If it’s a nice wide kerb you have all the time in the world to collect yourself before dropping back onto the road. You do this simply by shifting your weight back again. The board will just slide off the kerb and start rolling, and you will be in fakie. The more agressively you shift your weight back, the smoother the drop off the kerb will be.
Switching Out Of Fakie
Being able to switch out of fakie back into your natural stance is a crucial ability to master. Many of the tricks you learn will land you in fakie – coming out of a nosestall is just the beginning. I remember well that switching is quite daunting. At this stage it’s the biggest test of balance to face and you will fall over at some point!
The key to switching, and in fact to rotating in general, is firstly to ‘wind up’ in the opposite direction to the way you want to turn, and secondly to lead the turn with the shoulders. You want to turn ‘backside’ or ‘b/s’ as it’s commonly abbreviated to. This means that during the rotation your heels will be pointing away from the direction of the turn. Therefore you must wind the top half of your body ‘frontside’ or ‘f/s’ before starting, like this:
Remember, this is drawn for a goofy footed skater (someone who rides naturally with their right foot forwards). If you are a regular footed skater, frontside will be the other way around. You don’t have to wind very far, just enough so that you can swing some momentum into the switch.

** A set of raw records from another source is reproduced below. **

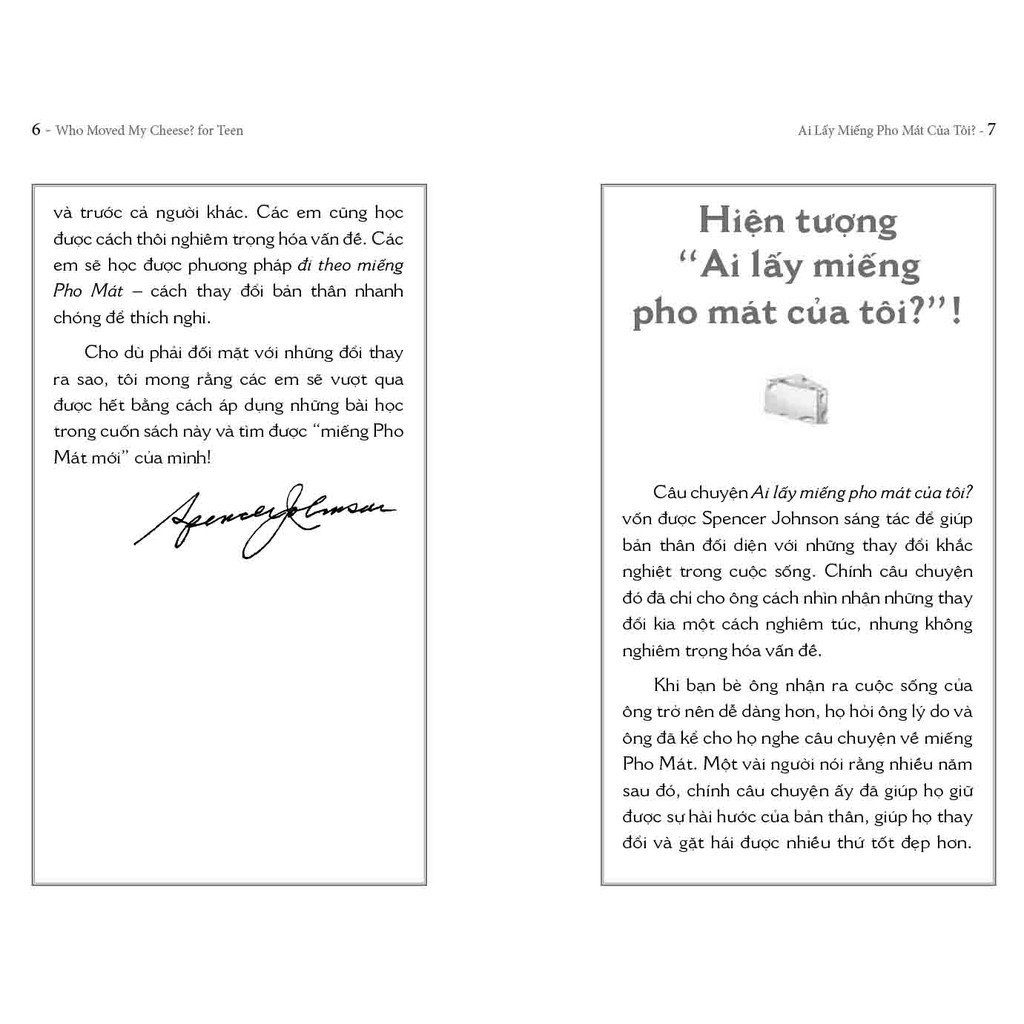 Sách - Ai Lấy Miếng Pho Mát Của Tôi? - Phiên Bản Dành Cho Giới Trẻ Tặng Kèm Bookmark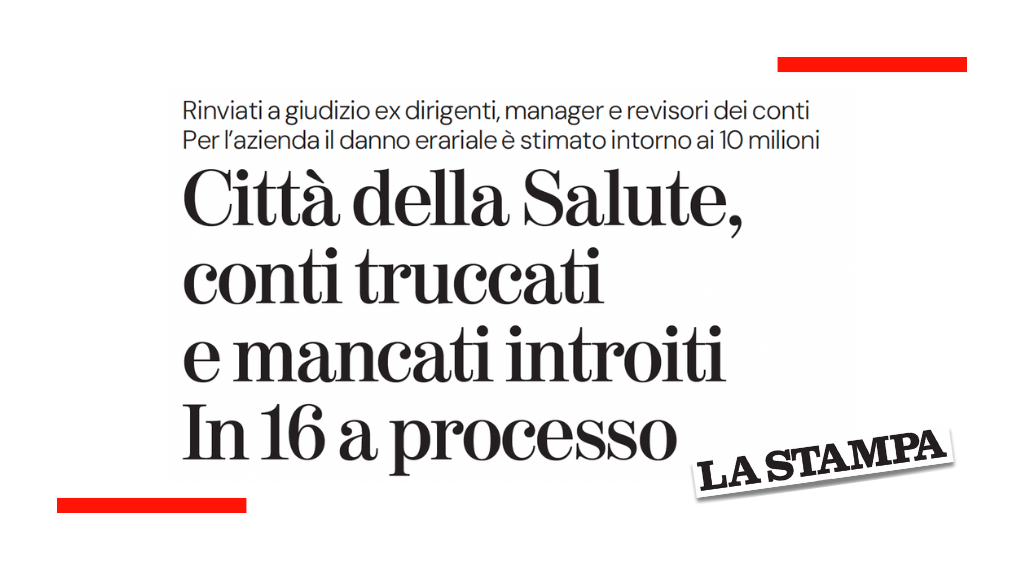 Inchiesta sui bilanci in rosso dell’AOU Città della Salute: Anaao Assomed si costituisce parte civile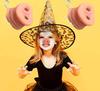 Stretchy Pig Nose Prop Animal Mask for Family and Halloween Cosplay Costume Party Fun Toy CZ-XING 2-Piece Friends,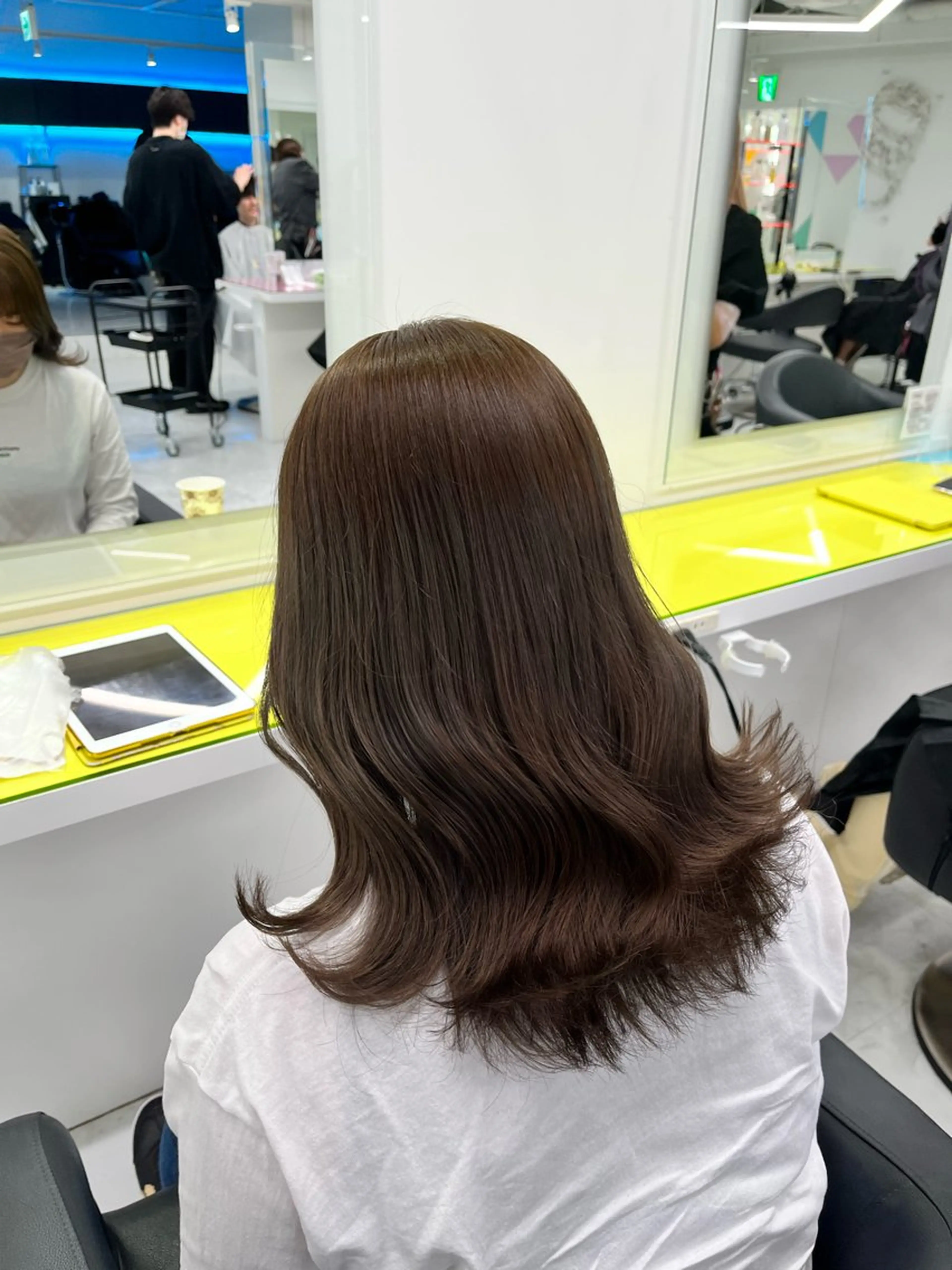 ミディアム ブラウンベージュ🤎 ブリーチなし🤎のヘアスタイル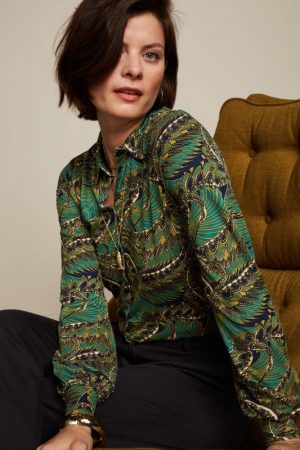King Louie - Maisie - Venus Blue - Blouse - Uniek Ladies
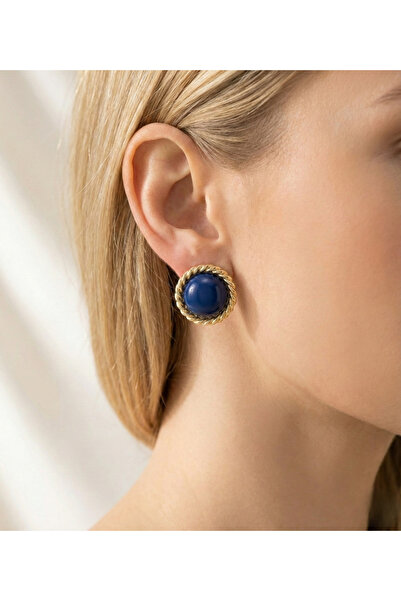 Candy Nuveria Royal Acrylic Stone Round Earrings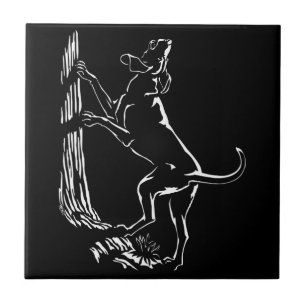 Cachorro Cão Cachorro Caça Cerâmica Azulejo Dec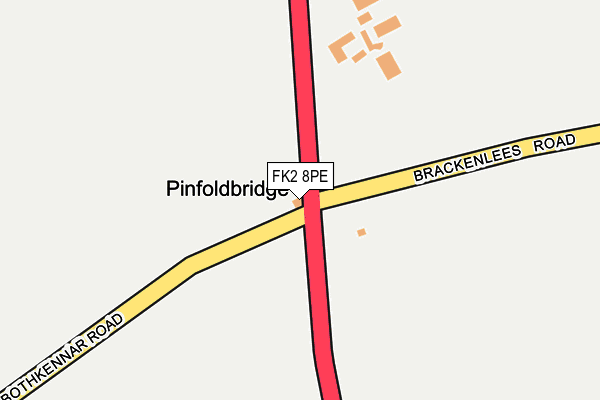 FK2 8PE map - OS OpenMap – Local (Ordnance Survey)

As I said, your shoulders should lead the turn, which means they are the first part to rotate. In essence, you are simply unwinding your body from its wound up position. As you do this, again apply a little weight to the tail so the nose lifts off the ground. Your hips will naturally follow the shoulders, and then so will your feet, taking the skateboard with them.
It may take a while to rotate a full 180° but there is no substitute for practice in this case. Try to keep your body weight centred above the skateboard. If too much of your weight hangs over the back wheels (where you are pivoting from) then the skateboard could easily shoot out from under you. As you come towards the 180° mark, remember to ease the front wheels down so they touch down solidly.